**** Dataset entries

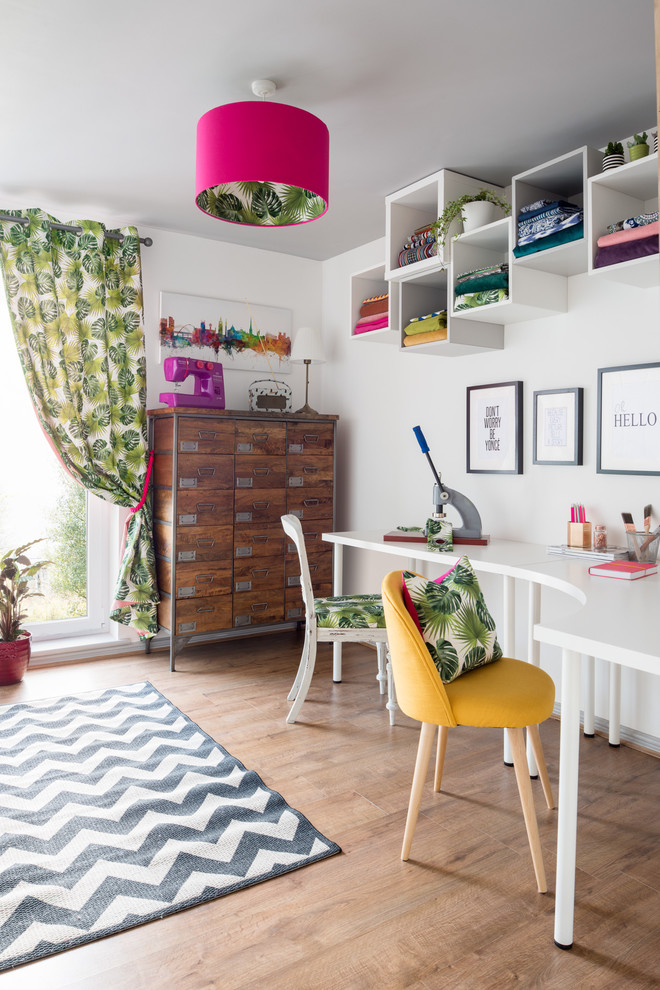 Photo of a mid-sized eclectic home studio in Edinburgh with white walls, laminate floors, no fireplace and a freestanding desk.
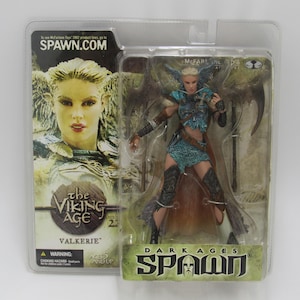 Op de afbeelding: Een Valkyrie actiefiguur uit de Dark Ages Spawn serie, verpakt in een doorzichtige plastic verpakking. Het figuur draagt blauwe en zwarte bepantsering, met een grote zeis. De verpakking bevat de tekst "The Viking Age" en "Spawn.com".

********
**** Dataset entries

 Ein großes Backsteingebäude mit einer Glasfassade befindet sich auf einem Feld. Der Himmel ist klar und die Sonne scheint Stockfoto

********

*What you should do*:
Start at the line above containing "Photo of a mid-sized" and stop at the line containing "Op de afbeelding: Een": print those lines and everything between them exactly, but not the pictures.

*Result below*:
 Photo of a mid-sized eclectic home studio in Edinburgh with white walls, laminate floors, no fireplace and a freestanding desk.
 Op de afbeelding: Een Valkyrie actiefiguur uit de Dark Ages Spawn serie, verpakt in een doorzichtige plastic verpakking. Het figuur draagt blauwe en zwarte bepantsering, met een grote zeis. De verpakking bevat de tekst "The Viking Age" en "Spawn.com".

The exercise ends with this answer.